_Work required_: Repeat all of the records exactly, leaving out the pictures.

_Given data_:
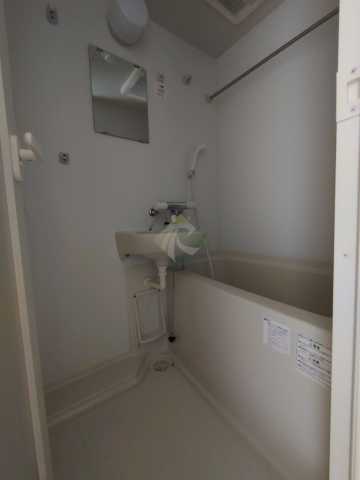 バス・シャワールーム　プロフ文京大塚 1102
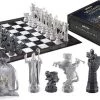 Harry Potter Wizard Chess Set - Schaakspel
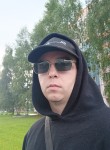 Антон - Тобольск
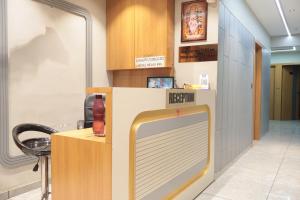 Relax Inn - Drive In Road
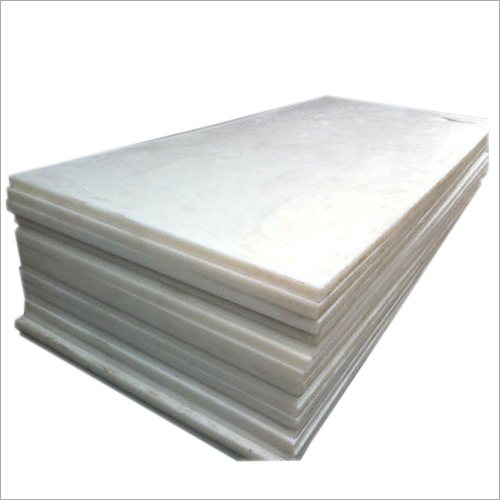 UHMWPE Sheets By SHREE JEE SALES CORPORATION
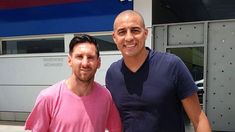 Trezeguet elogió al 10 argentino antes de la final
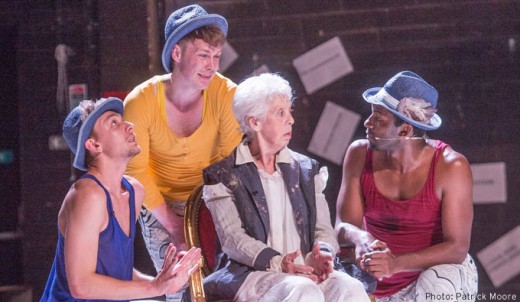 (photo: Patrick Moore)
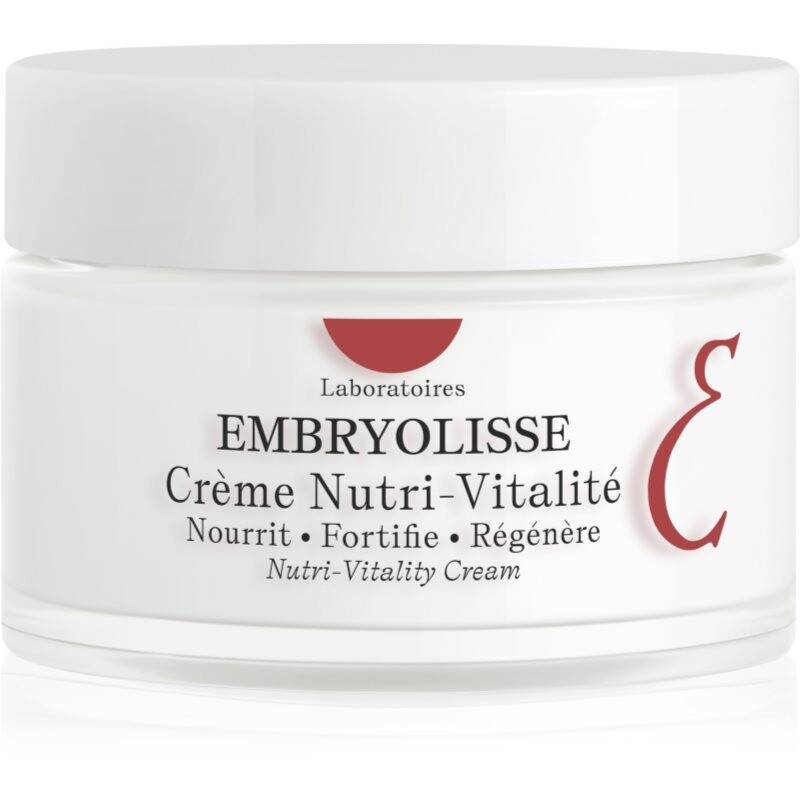 Embryolisse Anti-Aging nourishing re-densifying cream 50 ml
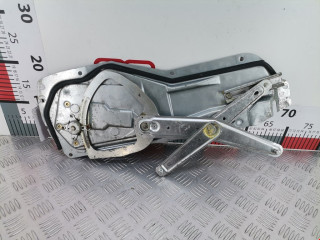 стеклоподъемник электрический задний правый Volvo S70 1 поколение 2000, 2.5 л., МКПП, универсал, 9152726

_Written response_:
 バス・シャワールーム　プロフ文京大塚 1102
 Harry Potter Wizard Chess Set - Schaakspel
 Антон - Тобольск
 Relax Inn - Drive In Road
 UHMWPE Sheets By SHREE JEE SALES CORPORATION
 Trezeguet elogió al 10 argentino antes de la final
 (photo: Patrick Moore)
 Embryolisse Anti-Aging nourishing re-densifying cream 50 ml
 стеклоподъемник электрический задний правый Volvo S70 1 поколение 2000, 2.5 л., МКПП, универсал, 9152726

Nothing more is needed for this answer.